If the truth will be told, the decisions by our president to allow American industry to continue ravaging the
environment has more serious implications than even the September 11 attacks. We are facing a consuming ecological disaster
of global scale.
Since stealing office, George W. Bush has backed out of the international Kyoto Clean Air agreement, opened protected lands for oil drilling
and lumbering, and now wants to let electric plants and other factories dodge important anti-air pollution requirements in
the Clean Air Act. He has left a laundry list of actions that are speeding up the death of an already dying planet.
This
president has always said he does not believe in global warming. He said it while he was a candidate for office, and he still
says it.
And while he is paying off the big industrial interests who bought his seat in the White House, the world
is already experiencing the first throes of a global ecological crisis that some scientists fear cannot be reversed.
The
ice caps and glaciers are melting. Sea levels are rising to a point
where many island residents in the South Pacific are now evacuating their homes, and moving to higher ground. Low-lying cities
like New Orleans and Venice seem doomed as
rising waters eat away at the levies built to protect them.
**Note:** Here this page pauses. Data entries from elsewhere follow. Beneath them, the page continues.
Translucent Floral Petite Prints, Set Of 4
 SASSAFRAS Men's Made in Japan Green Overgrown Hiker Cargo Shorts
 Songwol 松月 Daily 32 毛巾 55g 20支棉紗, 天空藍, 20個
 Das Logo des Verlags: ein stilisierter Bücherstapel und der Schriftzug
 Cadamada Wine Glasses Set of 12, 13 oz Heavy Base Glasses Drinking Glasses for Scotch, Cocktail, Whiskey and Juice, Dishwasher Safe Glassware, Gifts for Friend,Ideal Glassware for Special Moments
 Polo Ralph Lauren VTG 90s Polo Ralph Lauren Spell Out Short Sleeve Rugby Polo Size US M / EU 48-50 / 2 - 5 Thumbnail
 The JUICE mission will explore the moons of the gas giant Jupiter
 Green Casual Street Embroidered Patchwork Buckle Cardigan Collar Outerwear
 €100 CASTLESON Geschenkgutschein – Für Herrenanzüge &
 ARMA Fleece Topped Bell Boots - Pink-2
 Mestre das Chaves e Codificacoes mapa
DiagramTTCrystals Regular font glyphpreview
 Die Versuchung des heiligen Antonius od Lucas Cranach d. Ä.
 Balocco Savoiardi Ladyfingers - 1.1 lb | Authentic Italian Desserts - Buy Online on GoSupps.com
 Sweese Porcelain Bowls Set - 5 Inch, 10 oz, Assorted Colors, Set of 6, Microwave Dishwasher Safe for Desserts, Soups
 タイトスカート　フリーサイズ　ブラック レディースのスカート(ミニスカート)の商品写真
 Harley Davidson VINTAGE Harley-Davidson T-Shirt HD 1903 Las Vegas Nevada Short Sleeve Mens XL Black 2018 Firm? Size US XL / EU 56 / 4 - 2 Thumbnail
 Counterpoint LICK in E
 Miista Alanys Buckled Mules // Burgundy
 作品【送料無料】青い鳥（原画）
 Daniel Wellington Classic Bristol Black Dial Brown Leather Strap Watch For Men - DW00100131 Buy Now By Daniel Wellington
Experts at the National Oceanic Atmospheric Administration
(NOAA) say a warming of the waters in the Pacific Ocean herald yet another severe El Nino
that may even be worse than the El
Nino that ravaged the North and South American continents in 1998-99. What is worse, NOAA says there is a strong indication
that El Ninos will become more frequent and more severe as the world warms.
Even without the help of El Ninos and La Ninas, radically
changing weather patterns are being felt all over the world. Extreme cold snaps, extreme heat, extreme storms and other weather
anomalies are being recorded almost daily. Only a decade ago, reports of straight line winds with speeds of 100-miles-an-hour
or higher were almost unheard of. Now they seem common.
A recent report by the Commission for Environmental Cooperation, in Montreal, warns that if "sea levels rise as expected (because of global
warming) storms and flooding will become much worse, causing property damage and loss in the billions of dollars."
The
report warns that the North American continent faces a "biodiversity crisis" in which threatened species could disappear.
This, in turn, "harms evolution and depletes the natural environment humans depend on to survive," the report said.
"Our
report shows that over the past few decades, the loss and alteration of habitat has become the main threat to biodiversity,''
said Janine Ferretti, executive director of the commission. "A significant proportion of the plant and animal species of North
American is threatened.''
Similar problems are occurring all over the world. This is why the other countries involved
in the Kyoto agreement are going ahead with plans to reduce industrial (greenhouse) gas emissions from the burning of fossil
fuels, even though the United States, among the world's worst air polluters, is ignoring the pact.
Even if the U.
S. did honor the agreement, and reduce emissions immediately to 1990 levels, it would not be enough to stave off the looming
threat of natural global disaster, some scientists warn.
A recent issue of the Russian publication Pravda quotes Viktor Danilov-Danilyan, leader of the Russian Ecological Union, as threatening that the planet is heading for
a warm-up that will eventually make life as we know it uninhabitable. He said that all we can do at this point is work to
"diminish climatic changes caused by civilization's negative effect.
"It is too late to speak of preventing antropogenic
climatic changes," Danilov-Danilyan said during a press conference held in Moscow.
He urged the world to work to reduce
the human effect on climate-forming factors and especially: stop the destruction of ecological systems and cut the release
of greenhouse gases into the atmosphere.
George W. Bush may go down in history as a key figure in the final collapse of the world's environment.
The few who survive (at least for a few painful years) will remember him with intense disdain from their bunkers, deep underground.
They will be what the Hopi call "the ant people" because they
can no longer survive on the planet's surface.